WHAT TO DO
In the copy, keep every word of the data below and none of its pictures.

INFORMATION SUPPLIED
++++++++++

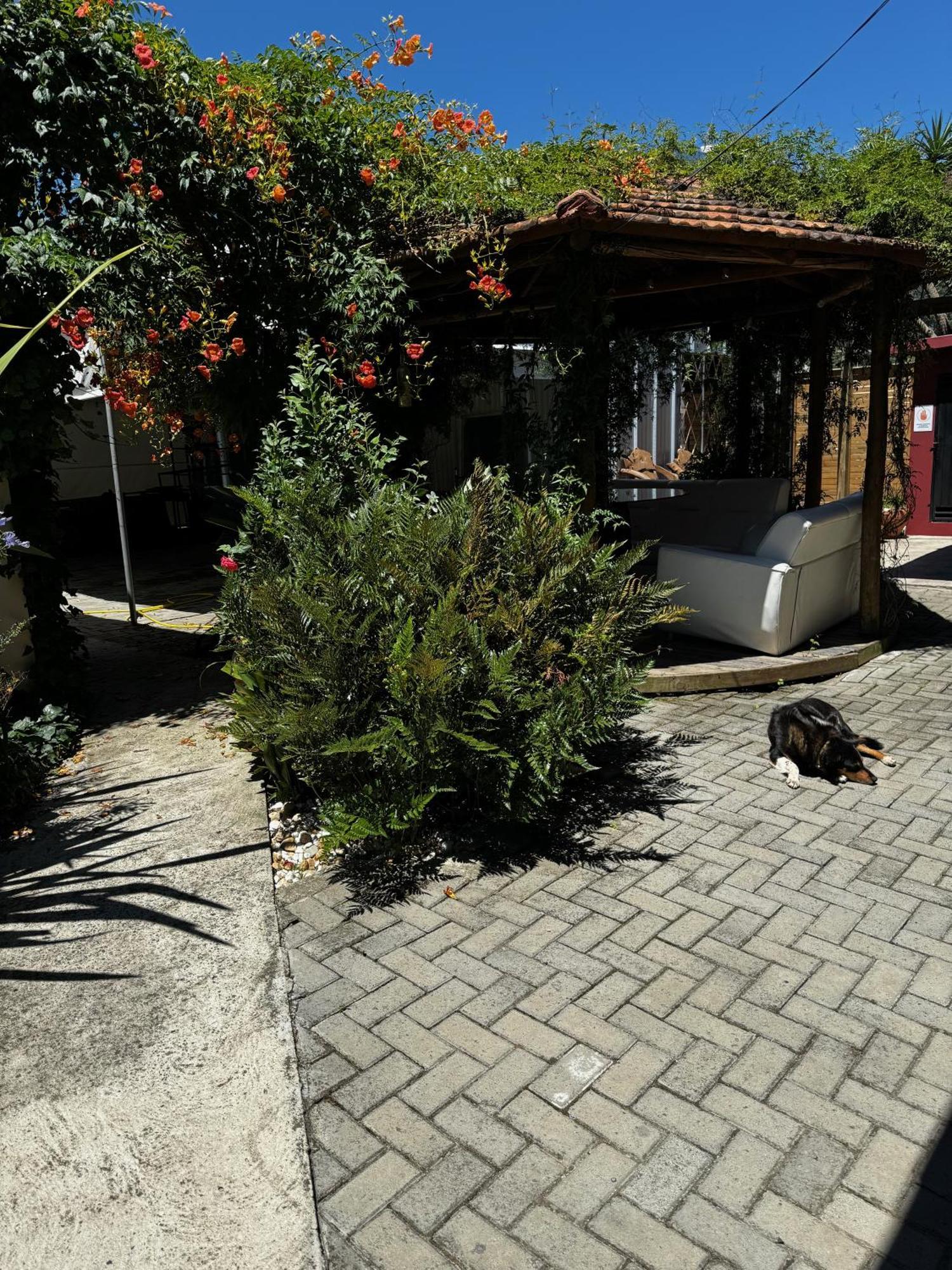 Pousada Upserra Urubici Exterior foto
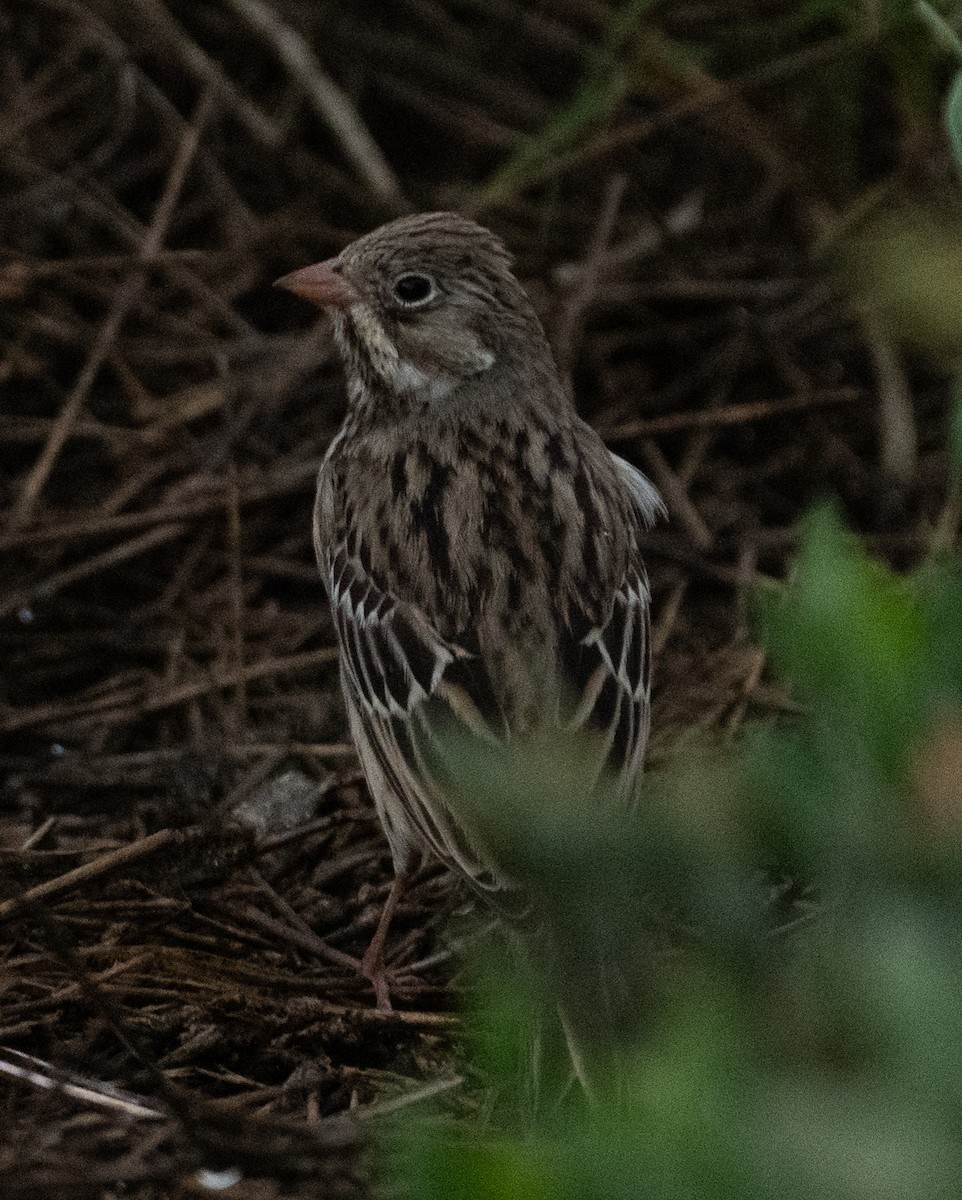 Bruant ortolan - ML644714107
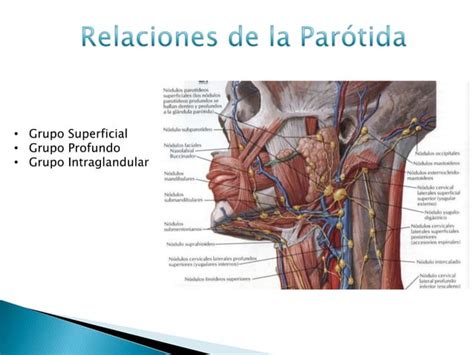 Anatomia De La Glandula Parotida Jonathan Molina Ppt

++++++++++

RESPONSE BOX
 Pousada Upserra Urubici Exterior foto
 Bruant ortolan - ML644714107
 Anatomia De La Glandula Parotida Jonathan Molina Ppt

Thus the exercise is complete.